What the task requires: Using the listing below, give again exactly the lines from the line with "L'un des célèbres" to the line with "Property building, Balcony/Terrace", inclusive, without the pictures.

Extracted data:

-*-

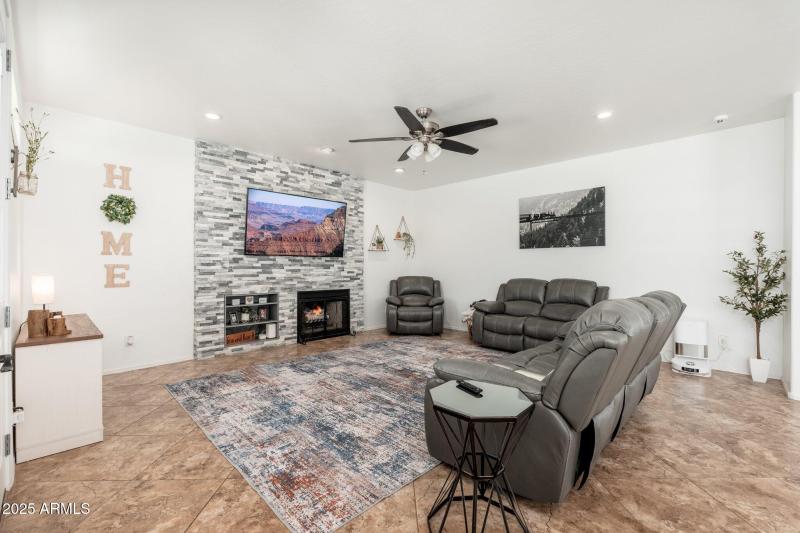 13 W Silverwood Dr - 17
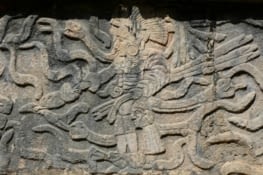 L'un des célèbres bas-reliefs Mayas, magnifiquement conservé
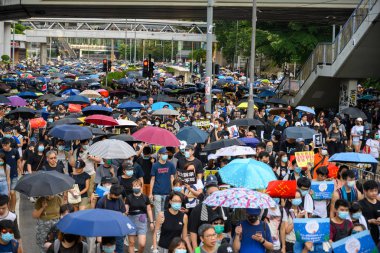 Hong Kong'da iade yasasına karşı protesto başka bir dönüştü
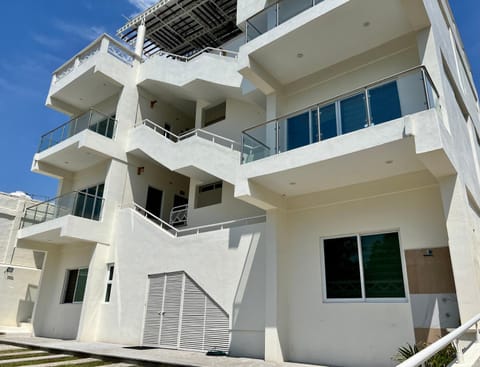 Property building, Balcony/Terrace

-*-

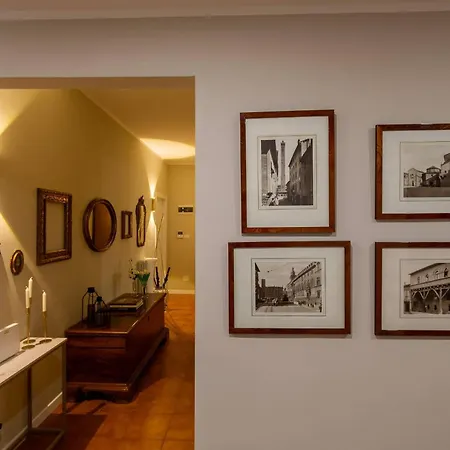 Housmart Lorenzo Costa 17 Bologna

-*-

Exercise response:
 L'un des célèbres bas-reliefs Mayas, magnifiquement conservé
 Hong Kong'da iade yasasına karşı protesto başka bir dönüştü
 Property building, Balcony/Terrace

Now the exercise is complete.